[lammps-users] restart yields new trajectory

Dear Steve and lammps users,
I ran an NEMD simulation to compute thermal conductivity of a CNT using the AIREBO potential. I plotted the instantaneous temperature gradient slope with respect to time for the duration of the simulation. I also ran two restarts from different points in time, and plotted those slope evolutions in the same plot. It turned out that the slope and trajectory would change significantly after the simulation was restarted. The two plots that I am attaching followed the same procedure, and they are just two different replicate runs.
In the initial run, I used the command:
restart 500000 cnt.*.restart

I copied the desired restart file to a new folder and renamed it “cnt.restart”. In the restart input deck, I used the command:
read_restart cnt.restart

I used the same number of processors in all simulations.
Do you have any idea what could cause the trajectories to change so much? Thanks.

Jonathan

slope_evo1.pdf (138 KB)

slope_evo2.pdf (122 KB)

Hello Jonny,

At first you need to specify how do you get the “instantaneous temperature gradient slope with respect to time”. Because you are using NEMD, the slope significantly depends on how you define it. If you count the hot or cold regions or adjacent regions into the slope calculation, it is not a good idea due to the non-equilibrium status.

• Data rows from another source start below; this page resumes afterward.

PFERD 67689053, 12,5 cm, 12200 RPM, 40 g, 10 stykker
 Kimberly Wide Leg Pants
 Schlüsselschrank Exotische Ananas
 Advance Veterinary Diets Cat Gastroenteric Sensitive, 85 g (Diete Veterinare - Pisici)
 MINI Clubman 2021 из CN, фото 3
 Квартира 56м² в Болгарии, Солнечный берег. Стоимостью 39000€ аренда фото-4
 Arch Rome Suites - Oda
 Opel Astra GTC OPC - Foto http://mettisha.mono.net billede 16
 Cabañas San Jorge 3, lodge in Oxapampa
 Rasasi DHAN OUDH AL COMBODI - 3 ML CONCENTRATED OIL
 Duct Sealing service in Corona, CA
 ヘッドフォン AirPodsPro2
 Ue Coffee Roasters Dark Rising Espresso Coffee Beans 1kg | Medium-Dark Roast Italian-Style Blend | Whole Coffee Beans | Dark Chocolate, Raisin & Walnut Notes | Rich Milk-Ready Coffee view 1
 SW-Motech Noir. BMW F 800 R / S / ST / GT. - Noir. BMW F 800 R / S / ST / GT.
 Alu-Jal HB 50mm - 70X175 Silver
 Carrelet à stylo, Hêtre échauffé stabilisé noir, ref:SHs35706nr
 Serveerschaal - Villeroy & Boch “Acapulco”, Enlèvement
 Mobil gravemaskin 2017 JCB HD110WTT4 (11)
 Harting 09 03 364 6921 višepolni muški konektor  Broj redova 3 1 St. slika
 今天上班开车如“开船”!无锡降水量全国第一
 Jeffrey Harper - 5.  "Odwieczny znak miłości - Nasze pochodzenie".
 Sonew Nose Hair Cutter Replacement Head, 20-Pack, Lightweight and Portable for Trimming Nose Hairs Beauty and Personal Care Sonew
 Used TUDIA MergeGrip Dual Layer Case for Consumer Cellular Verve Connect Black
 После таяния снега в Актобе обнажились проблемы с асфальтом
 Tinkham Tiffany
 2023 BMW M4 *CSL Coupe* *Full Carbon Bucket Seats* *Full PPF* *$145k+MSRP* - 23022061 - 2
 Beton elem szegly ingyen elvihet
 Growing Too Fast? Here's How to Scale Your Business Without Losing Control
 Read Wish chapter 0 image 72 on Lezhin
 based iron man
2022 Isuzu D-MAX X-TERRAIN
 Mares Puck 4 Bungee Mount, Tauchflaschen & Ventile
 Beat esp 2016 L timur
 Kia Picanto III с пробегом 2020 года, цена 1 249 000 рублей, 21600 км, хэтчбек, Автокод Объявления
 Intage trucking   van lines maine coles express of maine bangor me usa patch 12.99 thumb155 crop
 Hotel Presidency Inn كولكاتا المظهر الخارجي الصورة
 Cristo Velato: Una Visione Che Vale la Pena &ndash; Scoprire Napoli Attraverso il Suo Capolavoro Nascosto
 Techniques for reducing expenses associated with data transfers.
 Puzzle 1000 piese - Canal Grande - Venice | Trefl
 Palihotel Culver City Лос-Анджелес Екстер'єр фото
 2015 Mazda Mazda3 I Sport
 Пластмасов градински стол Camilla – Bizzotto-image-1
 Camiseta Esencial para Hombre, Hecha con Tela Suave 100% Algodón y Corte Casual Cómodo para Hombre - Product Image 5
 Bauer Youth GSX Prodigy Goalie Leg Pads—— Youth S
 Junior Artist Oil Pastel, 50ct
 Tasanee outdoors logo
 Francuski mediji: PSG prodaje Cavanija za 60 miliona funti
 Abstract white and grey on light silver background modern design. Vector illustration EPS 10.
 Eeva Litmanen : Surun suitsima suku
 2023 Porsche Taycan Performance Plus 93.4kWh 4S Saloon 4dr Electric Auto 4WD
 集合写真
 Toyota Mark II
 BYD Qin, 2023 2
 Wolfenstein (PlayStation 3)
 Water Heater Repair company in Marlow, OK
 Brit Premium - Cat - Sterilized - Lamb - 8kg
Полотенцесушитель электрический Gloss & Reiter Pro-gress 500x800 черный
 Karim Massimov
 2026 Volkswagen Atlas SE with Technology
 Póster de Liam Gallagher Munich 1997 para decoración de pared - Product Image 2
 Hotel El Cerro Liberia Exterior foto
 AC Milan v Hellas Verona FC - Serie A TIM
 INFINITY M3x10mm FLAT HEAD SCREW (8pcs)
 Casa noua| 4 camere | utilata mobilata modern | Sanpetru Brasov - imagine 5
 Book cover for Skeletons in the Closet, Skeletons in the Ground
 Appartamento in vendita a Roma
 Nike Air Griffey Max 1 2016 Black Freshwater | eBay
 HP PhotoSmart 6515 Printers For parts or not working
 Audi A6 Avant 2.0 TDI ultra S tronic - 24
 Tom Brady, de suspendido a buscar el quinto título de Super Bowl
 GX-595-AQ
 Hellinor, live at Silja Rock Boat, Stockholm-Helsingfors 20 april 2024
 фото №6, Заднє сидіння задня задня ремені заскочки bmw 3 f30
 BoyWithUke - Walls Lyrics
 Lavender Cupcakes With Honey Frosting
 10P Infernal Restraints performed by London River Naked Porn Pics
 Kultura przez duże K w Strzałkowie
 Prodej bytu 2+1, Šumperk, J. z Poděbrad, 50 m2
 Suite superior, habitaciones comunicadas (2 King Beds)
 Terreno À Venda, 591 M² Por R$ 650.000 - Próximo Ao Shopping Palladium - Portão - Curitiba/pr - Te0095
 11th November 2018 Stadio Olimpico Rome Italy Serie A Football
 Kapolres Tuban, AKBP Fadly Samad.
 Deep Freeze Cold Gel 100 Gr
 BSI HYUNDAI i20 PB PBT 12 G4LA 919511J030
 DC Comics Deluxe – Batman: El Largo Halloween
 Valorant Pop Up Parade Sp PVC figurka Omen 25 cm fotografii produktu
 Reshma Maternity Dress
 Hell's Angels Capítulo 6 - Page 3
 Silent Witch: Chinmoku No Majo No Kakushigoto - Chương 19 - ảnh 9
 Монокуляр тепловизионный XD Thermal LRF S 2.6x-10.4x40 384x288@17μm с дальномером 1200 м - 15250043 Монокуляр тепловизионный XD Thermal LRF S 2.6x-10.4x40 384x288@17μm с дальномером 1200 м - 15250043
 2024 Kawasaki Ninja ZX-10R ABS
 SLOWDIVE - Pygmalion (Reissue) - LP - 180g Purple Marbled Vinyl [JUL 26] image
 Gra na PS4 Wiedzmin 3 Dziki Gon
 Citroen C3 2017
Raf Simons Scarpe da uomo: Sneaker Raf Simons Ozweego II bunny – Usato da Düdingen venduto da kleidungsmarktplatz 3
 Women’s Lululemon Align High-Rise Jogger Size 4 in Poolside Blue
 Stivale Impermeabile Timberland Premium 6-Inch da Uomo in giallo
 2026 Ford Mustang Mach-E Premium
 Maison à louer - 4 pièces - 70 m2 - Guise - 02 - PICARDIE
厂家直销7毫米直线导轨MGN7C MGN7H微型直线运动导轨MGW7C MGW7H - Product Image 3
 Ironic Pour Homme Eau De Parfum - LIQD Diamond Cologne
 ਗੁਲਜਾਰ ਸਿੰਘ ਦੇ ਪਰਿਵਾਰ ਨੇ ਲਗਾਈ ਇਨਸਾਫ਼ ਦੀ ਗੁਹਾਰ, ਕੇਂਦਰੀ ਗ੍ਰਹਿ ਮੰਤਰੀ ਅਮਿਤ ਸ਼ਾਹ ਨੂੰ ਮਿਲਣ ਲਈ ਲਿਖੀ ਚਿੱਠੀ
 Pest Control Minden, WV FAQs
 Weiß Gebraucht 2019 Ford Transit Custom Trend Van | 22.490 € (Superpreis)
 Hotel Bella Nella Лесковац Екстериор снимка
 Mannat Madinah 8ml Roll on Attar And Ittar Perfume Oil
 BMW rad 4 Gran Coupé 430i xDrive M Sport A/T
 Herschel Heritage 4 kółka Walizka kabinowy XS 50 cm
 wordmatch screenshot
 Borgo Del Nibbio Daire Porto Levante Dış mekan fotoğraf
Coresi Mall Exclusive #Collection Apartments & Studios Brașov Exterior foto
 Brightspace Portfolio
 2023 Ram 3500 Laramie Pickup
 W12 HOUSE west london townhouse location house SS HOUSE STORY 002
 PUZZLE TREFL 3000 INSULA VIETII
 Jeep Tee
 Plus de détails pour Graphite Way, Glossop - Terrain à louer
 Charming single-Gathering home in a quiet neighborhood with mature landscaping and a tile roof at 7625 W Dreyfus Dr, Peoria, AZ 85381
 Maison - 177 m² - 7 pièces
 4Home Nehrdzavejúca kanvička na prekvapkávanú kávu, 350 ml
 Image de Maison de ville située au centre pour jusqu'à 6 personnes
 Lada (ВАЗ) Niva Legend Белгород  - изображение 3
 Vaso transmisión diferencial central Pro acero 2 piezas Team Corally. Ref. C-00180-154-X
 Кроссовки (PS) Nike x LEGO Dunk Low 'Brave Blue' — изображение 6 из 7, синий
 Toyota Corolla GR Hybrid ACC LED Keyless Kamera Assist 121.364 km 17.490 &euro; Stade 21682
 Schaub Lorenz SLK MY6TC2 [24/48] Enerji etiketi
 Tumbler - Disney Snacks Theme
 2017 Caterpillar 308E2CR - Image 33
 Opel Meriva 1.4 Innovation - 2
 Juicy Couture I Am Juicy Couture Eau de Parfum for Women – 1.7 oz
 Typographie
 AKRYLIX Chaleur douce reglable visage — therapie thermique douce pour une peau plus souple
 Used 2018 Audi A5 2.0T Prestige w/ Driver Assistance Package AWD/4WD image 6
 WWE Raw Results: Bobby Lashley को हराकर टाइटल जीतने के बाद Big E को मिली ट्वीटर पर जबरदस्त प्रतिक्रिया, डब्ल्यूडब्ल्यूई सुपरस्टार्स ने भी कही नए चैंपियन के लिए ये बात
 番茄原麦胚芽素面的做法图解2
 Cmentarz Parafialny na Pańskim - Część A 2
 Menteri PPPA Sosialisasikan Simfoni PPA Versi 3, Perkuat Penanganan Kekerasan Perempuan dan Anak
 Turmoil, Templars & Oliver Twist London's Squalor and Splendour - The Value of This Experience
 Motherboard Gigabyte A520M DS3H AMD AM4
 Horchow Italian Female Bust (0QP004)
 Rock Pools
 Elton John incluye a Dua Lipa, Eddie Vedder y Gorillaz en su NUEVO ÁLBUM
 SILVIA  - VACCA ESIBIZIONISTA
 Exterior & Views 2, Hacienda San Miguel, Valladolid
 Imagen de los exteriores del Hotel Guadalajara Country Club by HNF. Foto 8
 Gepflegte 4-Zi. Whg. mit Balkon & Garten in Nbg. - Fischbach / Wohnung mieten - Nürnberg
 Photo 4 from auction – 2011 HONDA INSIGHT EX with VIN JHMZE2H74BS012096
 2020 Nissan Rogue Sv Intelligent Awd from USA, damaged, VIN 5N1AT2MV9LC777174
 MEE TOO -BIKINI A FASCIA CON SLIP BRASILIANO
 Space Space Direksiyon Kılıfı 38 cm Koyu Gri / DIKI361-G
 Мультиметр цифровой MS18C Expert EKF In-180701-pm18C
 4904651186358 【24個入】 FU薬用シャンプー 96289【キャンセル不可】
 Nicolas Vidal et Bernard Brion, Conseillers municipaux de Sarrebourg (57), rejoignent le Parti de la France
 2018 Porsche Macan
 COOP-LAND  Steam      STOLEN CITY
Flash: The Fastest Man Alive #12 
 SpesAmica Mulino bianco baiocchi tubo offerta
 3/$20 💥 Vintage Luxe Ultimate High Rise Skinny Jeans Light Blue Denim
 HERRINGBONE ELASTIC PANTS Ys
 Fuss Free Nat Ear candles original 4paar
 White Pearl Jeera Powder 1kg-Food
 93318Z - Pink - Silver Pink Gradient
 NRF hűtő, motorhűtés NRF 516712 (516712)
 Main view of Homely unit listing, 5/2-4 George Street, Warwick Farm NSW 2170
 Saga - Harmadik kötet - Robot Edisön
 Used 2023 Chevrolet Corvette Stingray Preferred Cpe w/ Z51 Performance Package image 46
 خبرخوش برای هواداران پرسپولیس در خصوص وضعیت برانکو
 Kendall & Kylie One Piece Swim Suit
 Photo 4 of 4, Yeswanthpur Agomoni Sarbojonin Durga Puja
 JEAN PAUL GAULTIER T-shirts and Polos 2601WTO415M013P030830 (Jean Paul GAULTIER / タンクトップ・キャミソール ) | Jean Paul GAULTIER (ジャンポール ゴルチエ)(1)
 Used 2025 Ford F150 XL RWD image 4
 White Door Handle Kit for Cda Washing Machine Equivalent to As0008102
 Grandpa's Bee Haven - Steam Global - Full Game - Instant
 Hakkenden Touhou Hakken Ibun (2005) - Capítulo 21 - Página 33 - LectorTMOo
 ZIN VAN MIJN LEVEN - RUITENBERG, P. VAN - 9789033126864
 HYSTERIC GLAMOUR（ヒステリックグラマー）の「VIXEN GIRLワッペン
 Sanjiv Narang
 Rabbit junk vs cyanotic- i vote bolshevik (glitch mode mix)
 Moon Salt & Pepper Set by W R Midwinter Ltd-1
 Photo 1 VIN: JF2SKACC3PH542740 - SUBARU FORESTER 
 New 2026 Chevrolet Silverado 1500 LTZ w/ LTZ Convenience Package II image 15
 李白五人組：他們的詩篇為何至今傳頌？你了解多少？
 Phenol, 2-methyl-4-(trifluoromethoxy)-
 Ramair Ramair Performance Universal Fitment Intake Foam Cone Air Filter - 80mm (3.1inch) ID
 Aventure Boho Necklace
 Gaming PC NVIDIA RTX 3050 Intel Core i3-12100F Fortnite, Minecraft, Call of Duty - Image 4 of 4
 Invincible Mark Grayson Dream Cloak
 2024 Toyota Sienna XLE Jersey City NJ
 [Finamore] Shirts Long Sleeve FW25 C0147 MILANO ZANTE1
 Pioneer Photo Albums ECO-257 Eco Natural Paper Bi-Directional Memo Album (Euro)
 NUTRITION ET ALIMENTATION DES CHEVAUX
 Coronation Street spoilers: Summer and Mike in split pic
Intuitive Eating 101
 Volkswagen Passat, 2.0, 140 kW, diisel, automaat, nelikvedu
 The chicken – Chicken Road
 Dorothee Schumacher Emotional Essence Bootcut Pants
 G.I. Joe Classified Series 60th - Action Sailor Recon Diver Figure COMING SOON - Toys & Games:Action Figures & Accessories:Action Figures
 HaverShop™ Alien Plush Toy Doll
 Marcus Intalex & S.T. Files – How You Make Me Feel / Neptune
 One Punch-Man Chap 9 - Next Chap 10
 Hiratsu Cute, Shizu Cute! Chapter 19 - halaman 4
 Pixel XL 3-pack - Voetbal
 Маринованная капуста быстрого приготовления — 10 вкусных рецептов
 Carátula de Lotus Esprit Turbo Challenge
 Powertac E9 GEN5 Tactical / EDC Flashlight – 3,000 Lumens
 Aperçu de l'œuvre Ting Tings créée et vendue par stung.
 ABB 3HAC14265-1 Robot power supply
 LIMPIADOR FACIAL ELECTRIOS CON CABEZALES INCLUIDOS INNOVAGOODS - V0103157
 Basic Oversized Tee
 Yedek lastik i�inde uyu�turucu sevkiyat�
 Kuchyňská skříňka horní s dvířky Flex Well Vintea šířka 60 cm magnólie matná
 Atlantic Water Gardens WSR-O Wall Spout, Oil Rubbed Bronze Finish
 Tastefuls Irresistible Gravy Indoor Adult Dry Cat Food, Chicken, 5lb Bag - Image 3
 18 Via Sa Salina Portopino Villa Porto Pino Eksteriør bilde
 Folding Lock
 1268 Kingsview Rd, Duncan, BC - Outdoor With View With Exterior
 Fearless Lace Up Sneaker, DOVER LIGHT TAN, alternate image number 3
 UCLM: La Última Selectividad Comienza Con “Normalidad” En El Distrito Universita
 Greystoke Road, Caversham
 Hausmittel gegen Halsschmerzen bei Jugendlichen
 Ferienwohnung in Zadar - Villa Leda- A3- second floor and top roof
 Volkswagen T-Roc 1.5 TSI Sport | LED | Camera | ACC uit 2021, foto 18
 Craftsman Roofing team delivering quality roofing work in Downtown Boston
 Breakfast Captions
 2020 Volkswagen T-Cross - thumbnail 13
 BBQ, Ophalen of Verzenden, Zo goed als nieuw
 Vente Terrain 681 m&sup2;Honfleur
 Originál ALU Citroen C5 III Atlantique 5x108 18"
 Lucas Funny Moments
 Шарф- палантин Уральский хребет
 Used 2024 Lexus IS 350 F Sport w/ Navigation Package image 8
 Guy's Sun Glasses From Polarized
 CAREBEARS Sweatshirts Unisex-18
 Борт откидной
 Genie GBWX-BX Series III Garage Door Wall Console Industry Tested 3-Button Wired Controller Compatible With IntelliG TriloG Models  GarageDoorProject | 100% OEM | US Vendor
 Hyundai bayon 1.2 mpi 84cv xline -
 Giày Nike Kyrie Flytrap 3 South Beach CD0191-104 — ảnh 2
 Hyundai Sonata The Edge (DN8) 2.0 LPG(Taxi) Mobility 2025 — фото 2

Second, you also should give more details about your input for restart. When you restart from a restart file, you must be clear about what information is or not stored in it. For example, if you redefine a region and assign with a group name which has been previously used, it will be messed up.

Xiaopeng

Hi Xiaopeng,
I am using the fix heat command to inject and remove heat from predefined source/sink regions. The source/sink regions are selected at the very beginning via the region command to capture the first and last several rings of the CNT. After the region command, I use a group command to pass to “fix heat” as well as the “set” command to redefine the atom types. The instantaneous temperature gradient is a linear least squares line fit to the middle region, but sufficiently far away from the source/sink regions. I have plotted the average temperature with the fit line and it is indeed linear in the region I have selected.
In my restart, instead of using the region command, I define my groups based on the types that were set in the original simulation. And then I proceed in the same manner (fix nve with two fix heat commands).
Thank you.

Jonathan

In general, if you run a long time from a restart, you will not
get identical answers to the previous run. Due to round-off
or other small factors. All that is guaranteed is statistically
identical results, assuming you have setup your 2nd simulation
the same as the first. See secton 9.1 of the manual for
more details.

Steve

Hi Steve,
I can understand if the two are subtly different, but my simulations seemingly show a statistically different result. The time-averaged slope essentially doubles during the restarted runs. Moreover, the slope changes almost immediately, reaching a steady state in just a couple hundred picoseconds – about half a million timesteps, whereas the original run which had been going for several million timesteps could not reach the “new” steady state. Which time-averaged slope should I trust?

Jonathan

Hi Jonny,

I think you don’t need to redefine your group in your restart input. I suggest you read carefully the manual again about what information is stored in the restart file. It is very possible the problem is your restart input. Did you visualize your system? If not, it may also tell you something. You can also attach your two input files and then others can more understand what problem you are in.

Xiaopeng

If you ran simulation A to equilibrium and saved a restart,
then started simulation B from the restart file and run it
to equilibrium, then the 2 simulations should agree statistically.
If they don't then either you didn't run one or both of them
to equilibrium or you are not running the same simulation (i.e.
you did not re-specify all the needed quantities in simulation
B after reading the restart file). There's no other magic involved
with restart files.

Steve

Can Steve or anyone else affirm this issue?